This week, our cohort started off by discussing equity in schools, more specifically, equity in science education. We talked about how rural and urban schools don’t always receive a lot of resources or good teachers. We talked about how some teachers hold low expectations for these kids. There’s an unspoken agreement in the community that to succeed in a rural area you have to leave it. In urban schools, science is often seen as a “white subject”, and to do well and be interested in that is to abandon minority culture.
I find all this to be very sad because I find that science is unique in the fact that everyone, no matter their background and experience, has something that they can bring to the table. Every human, at some point in their life, has wondered about something. What are stars made of? How do cars work? Why do people fart? And this is why science has the potential to be a great equalizer. Rural kids might bring their interest and background in hunting. Urban kids might want to create a community garden. And suburban kids…well I’m sure there’s plenty of stuff they’re interested in. Point is, there is value in the background kids have and the things they are interested in, and it is worth it to bring those interests into science education.

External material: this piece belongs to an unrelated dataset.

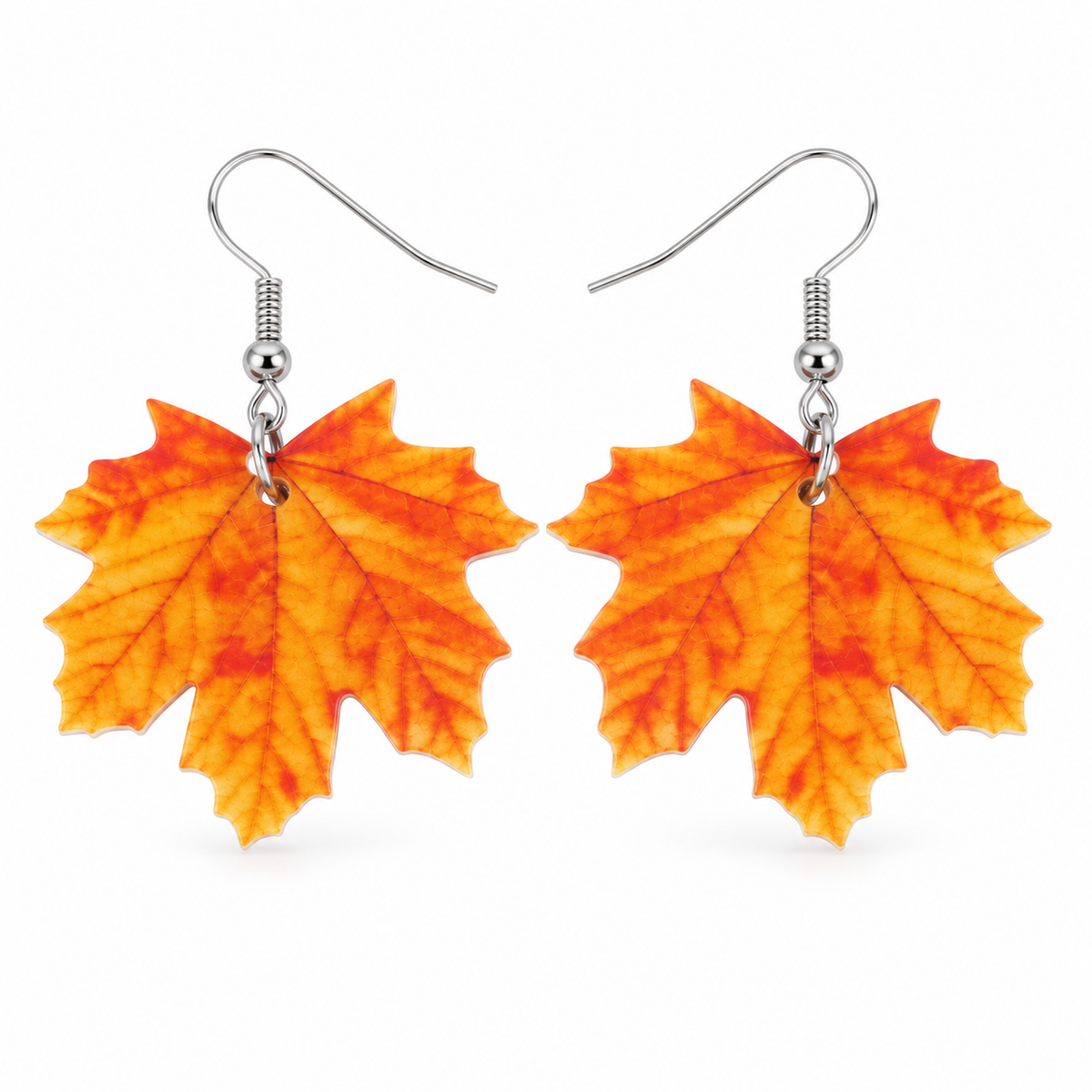 Orange maple leaf acrylic drop earrings with silver-tone hooks on white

After our passionate discussion about equity, we moved on to concept mapping. To be able to map out a subject or concept is to know it intimately. You must be able to pull out the “big ideas” and find their natural flow. You must be able to describe how each idea relates to each other and find those mechanisms. The reason we were practicing this was because concept mapping is an excellent way to begin planning out units. We practiced first with a geology unit and found that each of us had different ways of looking at connections. We also found that in working out connections, there’s often a topic that lingers in the background of lessons that turns out to be integral to holding the unit together. We also found that concept mapping is great for planning essays. Try it!

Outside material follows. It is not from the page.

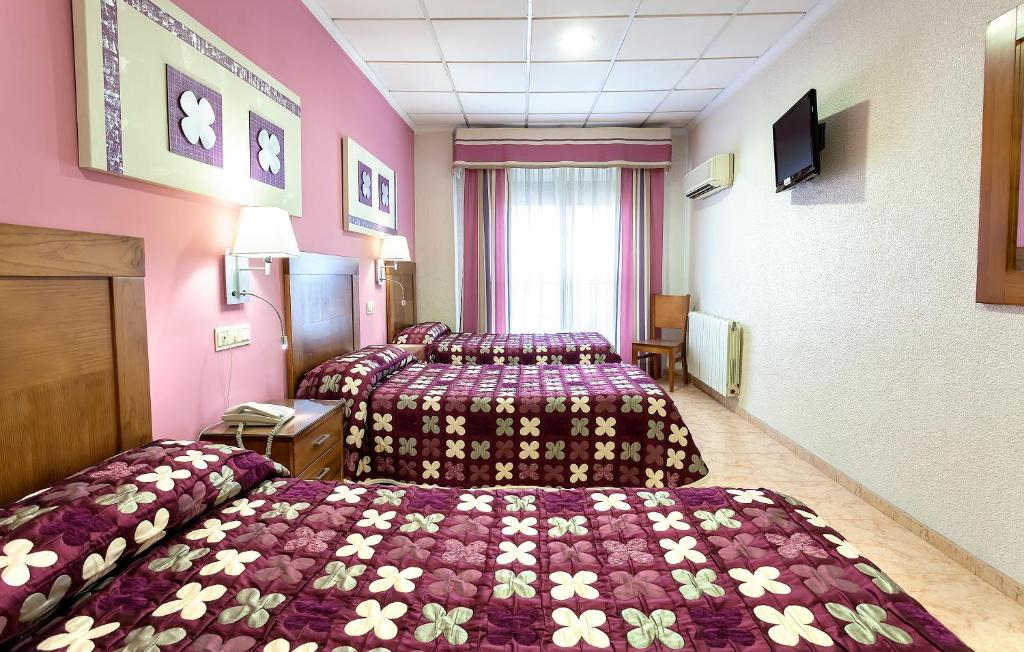 Postel nebo postele na pokoji v ubytování Manolo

This week was very special in that the majority of us started our high school placements. I am sure that these will be the topic of many blogs in the future, so I won’t spend too much time talking about them, but I did compile a few blurbs from the cohort:
“So far I have been observing my students and writing down a seating chart for each class to start remembering names. I have helped answer questions and assist in lab. I’m nervous I’m not going to remember anyone’s name and I’m a little nervous to have full control of the classroom, but by the time the time comes, I will hopefully be comfortable.” -Sydney
“I’ve been circulating around the room to help students through class activities and worksheets. I’ve also been grading (exit tickets, specifically). Today was real funny because my CT wanted me to test the conductivity lab they’re doing next week and it didn’t work, so my new task is to get it to work tomorrow when I get there! He let me see 3 other science teachers (2 chem, 1 physics) to see how other teachers run their warm-ups, lessons, etc. I’m also nervous to take over the class fully, but I think once I get to know the kids a little bit better I’ll feel more comfortable. I’m also conflicted about my role as a student teacher – there are times when things happen (students resisting to leave when being called out of class by the VP, for example) and I have to deal with these situations in ways that are incongruent with what I would do, but that will come with having my own classroom I guess.” -James
“I’ve been observing, helping students, and grading labs. On Thursday, I got to run the afternoon classes while my CT was out, which was fun (and scary). I’ve learned the names of everyone in one period, and working on names in the others. My CT has been great about asking for my input during class and while planning, which I appreciate. Next week, I’ll be proctoring a test on a day when my CT can’t be there. I’ve also been told that I can run the Regent class’s acid rain labs when the time comes. Exciting!” -Kaitlin
Olivia wrote a lot about her first week on her blog already, so check that out. She had a very interesting field trip.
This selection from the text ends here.